If life is a lottery, you don't get further from winning than Matilda Wormwood. Her parents didn't want her, and remind her of this every chance they get. They also hate how smart Matilda is, and resent how stupid her big brain and constant reading make them feel. It only gets worse for her when she's sent to a school run by the top-heavy ex-Olympian Miss Trunchbull. Luckily, however, it's here, in this new nightmare, that Matilda meets Miss Honey, a shaky but loving teacher who immediately recognizes the genius of her unique student.
It's the blossoming of this special relationship that is at the heart of Matilda the Musical. Honey is an orphan and is, in her own words, "pathetic," scared of Miss Trunchbull and unable to really stick up for the kids she loves. But with Matilda comes her redemption, and a chance to protect the little girl's spirit that will, without intervention, soon flicker out. In Miss Honey, Matilda finds the loving, caring adult she has, up to this point, lied about having. Watching these two grow close, as they become exactly what the other one needs, is something I won't soon forget. And as the husband of a public school teacher, I found it to be the exact celebration of educators that our culture is in desperate need of.

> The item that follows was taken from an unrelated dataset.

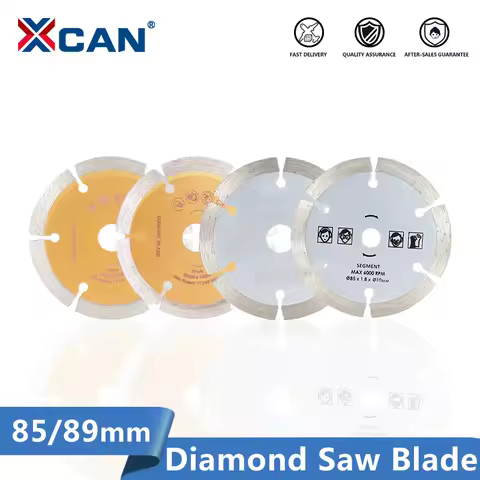 XCAN Diamond Saw Blade 85/89/115mm Dry-Cut Diamond Cutting Disc for Cut Concrete Ceramic Brick Marbl
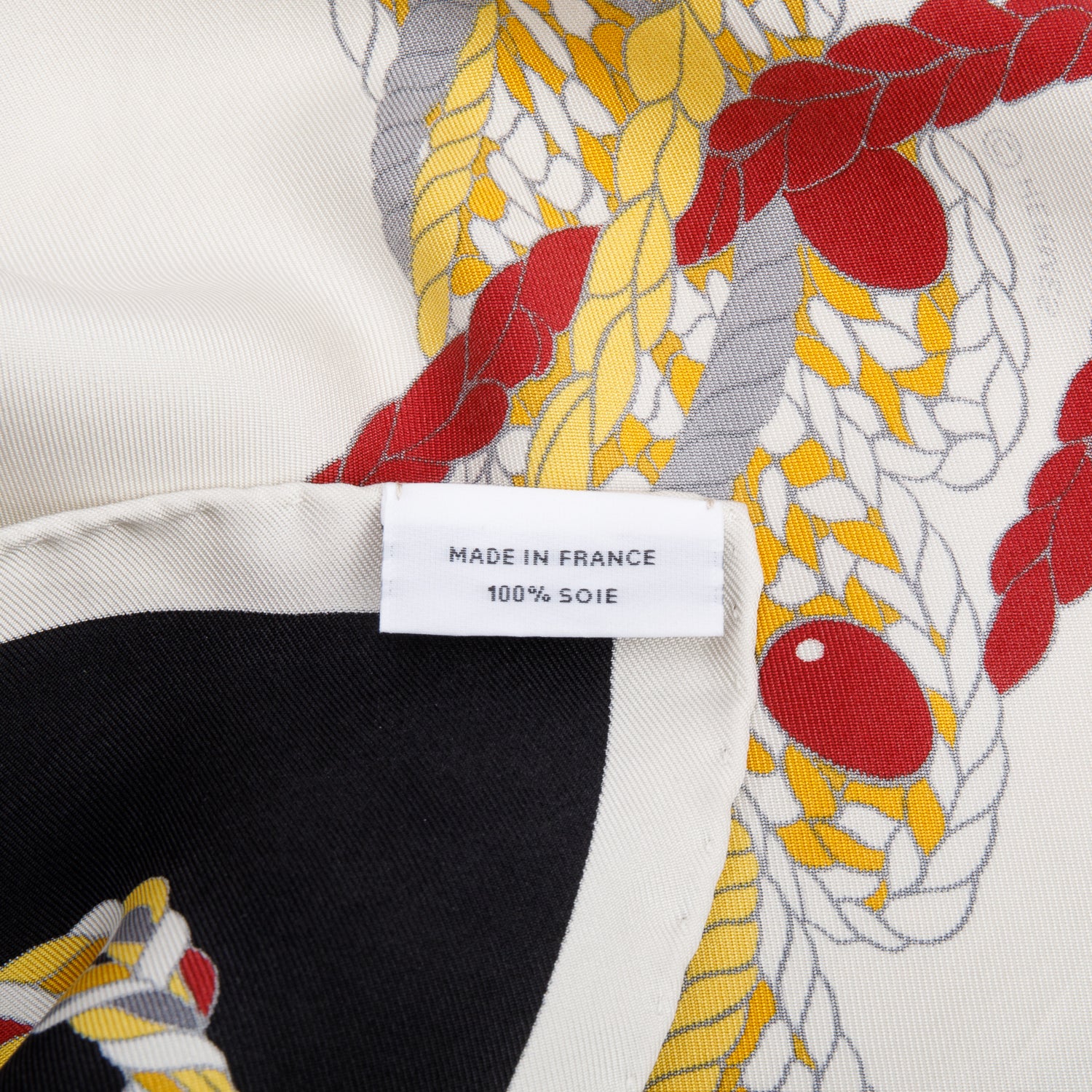 Hermes White/Multicolor 'Le Timbalier' Silk Scarf 90 w/ Box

As Miss Honey, Lauren Wood sings beautifully, and presents a truthful range of emotion as she moves from a broken-down woman to the heroic protector of Matilda. And in the title role, little Milly Shapiro is incredible. Whether surrounded by a cast of very talented children, or alone on an otherwise empty stage, Shapiro owns her moments, displaying a level of confidence that easily matches that of her character.
This is, however, a Dahl story, so of course the villians are just as much fun to watch. As Matilda's parents, Lesli Margherita and Gabriel Ebert are wonderfully nasty and brightly colored in both personality and clothing. And as Miss Trunchbull, Bertie Carvel makes it immediately clear why this role won him Britain's Olivier Award for Best Actor in a Musical. Dressed in a pleated skirt and black dress boots, I found it impossible to hate the evil Trunchbull, no matter how horrid or abusive she became.

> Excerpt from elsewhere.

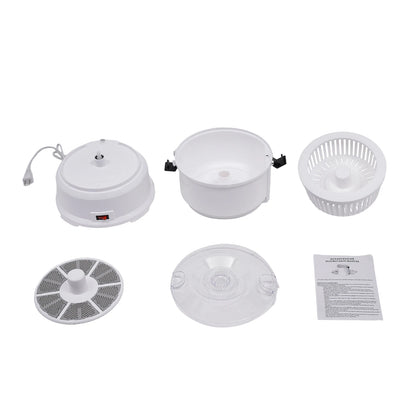 85W Electric Potato Peeler One-button Drive Automatic Peeler Spinner for Kitchens Restaurant Fast Food Shops
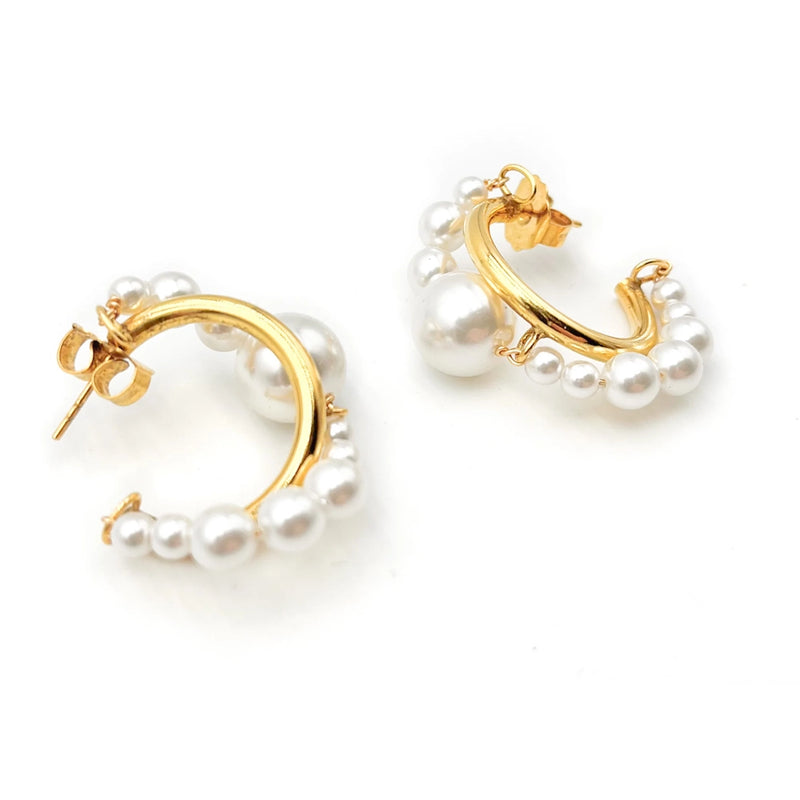 Perle Hoop Earrings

The work off-stage is equally impressive. Dennis Kelly's book is well-written theatre on it's own, while at the same time a perfect companion to Tim Minchin's varied and enjoyable songs. Rob Howell's shape-shifting set, along with Paul Kieve's illusions, are amazing to watch. Peter Darling's choreography is original and energetic (especially in the acrobatic School Song). And as the director, Matthew Warchus makes fantastic use of almost every part of the Shubert Theatre. He also uses, to great effect, many staging techniques that I have seen in tiny comedy and improv theatres, but never in the old houses of Broadway.

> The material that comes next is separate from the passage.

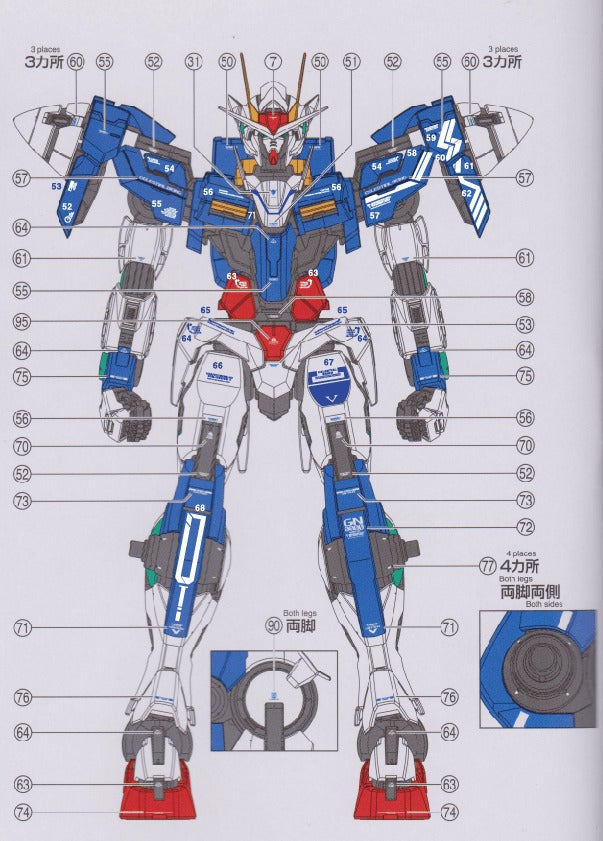 PG SEVEN SWORD/G WATER DECAL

In most cases, life is challenging from the start. Adults know this, but so do our children. We may try to hide this reality from them, but it isn't because they've asked us to. Dahl, like Maurice Sendak and Shel Silverstein, celebrated this intelligence in children, offering them stories filled with darkness, but also an abundance of joy and humanity. It's this same shading, along with the brilliant performances and "feast for the senses" staging, that makes Matilda the Musical a deeply satisfying theatre experience.